If these comments are misdirected, please forgive me. I have seen this mistake made frequently in the past.
In addition to the remarks by @PeterSimon, there’s also the risky code snippet above. This will work well for arrays of one particular size, but fail or error for other sizes. Make sure to check the array size inside the function when iterating over its elements.
Depending on globals as a buffer is probably not a good idea. You can use an optional keyword argument for this purpose.
function example(
y;
x::Matrix{Float64} = zeros(1,1000)
)
for i = 1:1000
x[1,i] = i^2 + 10y
end
return x
end
Then you can call the function without providing a keyword argument, which will have a new buffer allocated everytime. You can also provide the keyword argument to use or reuse a buffer.
Mutation is changing a value. E.g, changing the first element of a vector from 13 to 14. A mutating function may mutate one of its arguments.
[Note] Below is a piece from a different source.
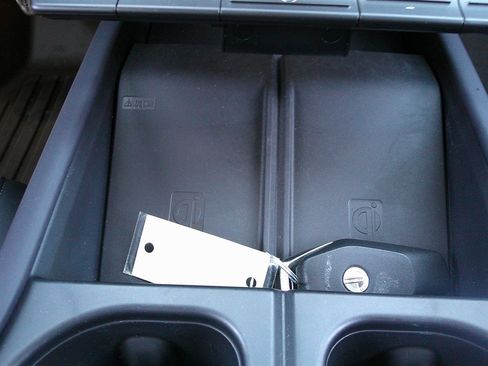 Used 2023 Fisker Ocean One image 34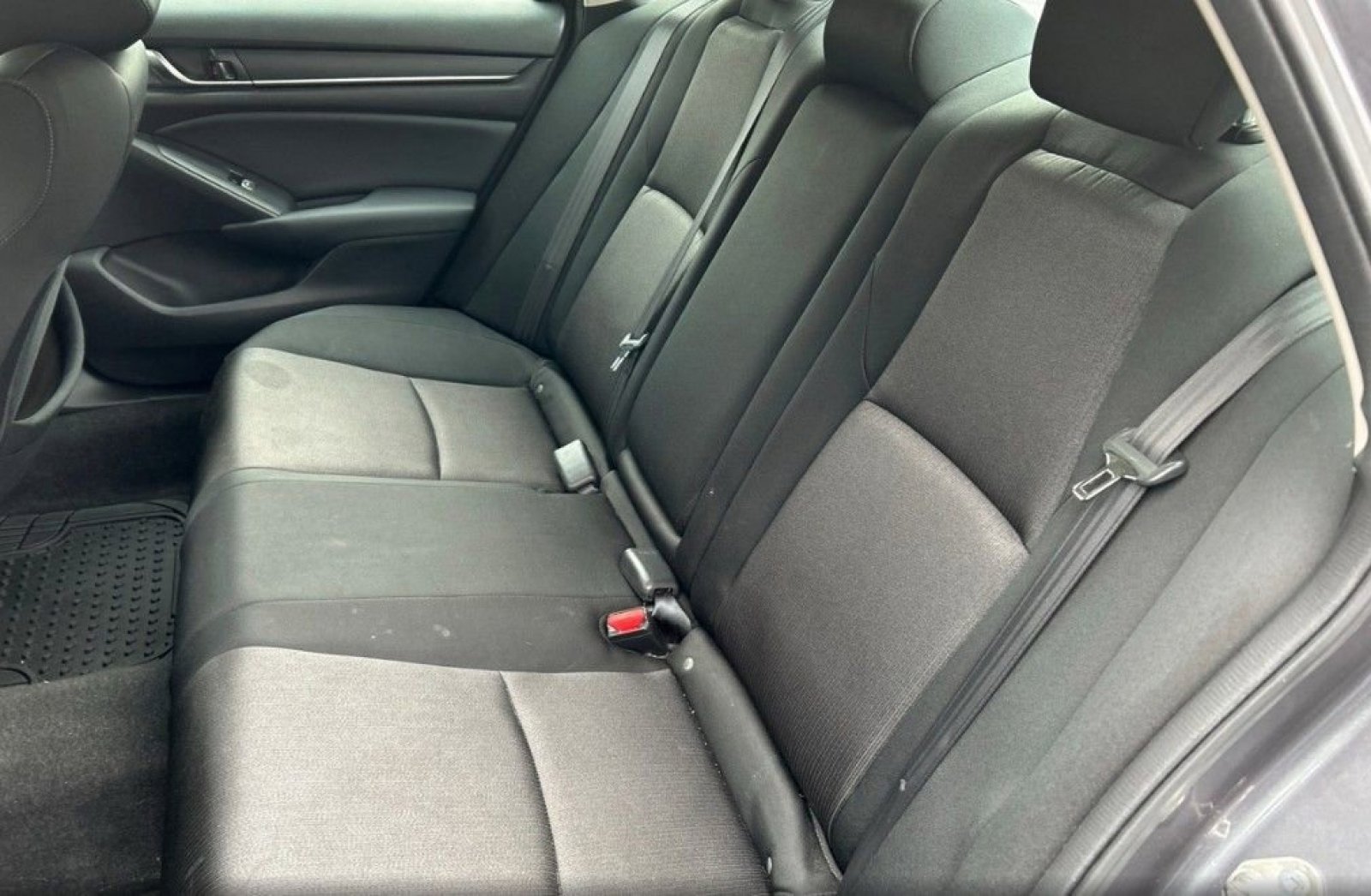 Used 2018 Honda Accord EX image 14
Allocation is less well defined. Basically a function is allocating if it may cause a heap allocation that may need to be tracked by the garbage collector (GC). Or by another allocator, such as the libc malloc, if you’re using FFI, for example.
Mutation is less safe in principle than working with immutable structures (making a modified copy of an existing data structure), but may be preferred for performance reasons when it allows preventing allocation.
A single function/method may be both mutating and allocating, but the goal is often to have a higher-level, more convenient, allocating function, that doesn’t mutate any of its arguments; and a lower-level, mutating function, whose name ends with a !, and which doesn’t allocate.
In general, editing (mutating) Arrays (Vectors, Matrices etc) is “cheaper” than creating (“allocating”) them. So the general rule is create (allocate) once, edit (mutate) as needed. Here’s one possible way to think about it: If your function is meant to create an Array that wouldn’t otherwise exist, then maybe it’s okay to create and edit the array within the function. If your function needs to do a series of complicated calculations/transformations, it might still be worth creating the array once and editing it multiple times, even if your function is creating an array that wouldn’t otherwise exist.
Here’s a case where it might be more efficient to pass an array to the function as an argument and mutate it: You get a column of data from a csv file and the values represent percentages (are between 0 and 100) and you need to scale the values to 0 to 1 before you do further calculations. Say you read in the csv data and store it in a vector v. if you DON’T need this vector v to stay unchanged in value for later use, you could transform it by doing scale01!(v) where scale01! is a mutating function defined as:
function scale01!(x::Vector{<:Real})
for i in eachindex(x)
x[i] = x[i] / 100
end
return nothing
end
Notice that the function returns nothing, though it would do that even without the explicit return statement.
But, in your example, you’re creating an array of zeros just to store the data, so it might not matter whether you create (allocate) it inside or outside the function.
I’m not an expert on squeezing performance out of Julia, but your example is missing other performance optimizing recommendations:
avoid using global variables, and if you must, declare them constant
use eachindex so that you can safely use @inbounds and avoid bounds checking (making sure you’re not using wrong indices to get elements from your array), though I am not sure if this is helpful for simpler loops. So your example would look like:
const x = zeros(Float64, 1000)
const y = -1.0
example!(x, y) = @inbounds for i in eachindex(x)
x[i] = x[i] ^ 2 + 10 * y
end
You can do more: like doing the 10 * y outside the loop, or if this is actually the computation you want, doing muladd(x[i], x[i], 10y). I’m not sure how much these would help in this case.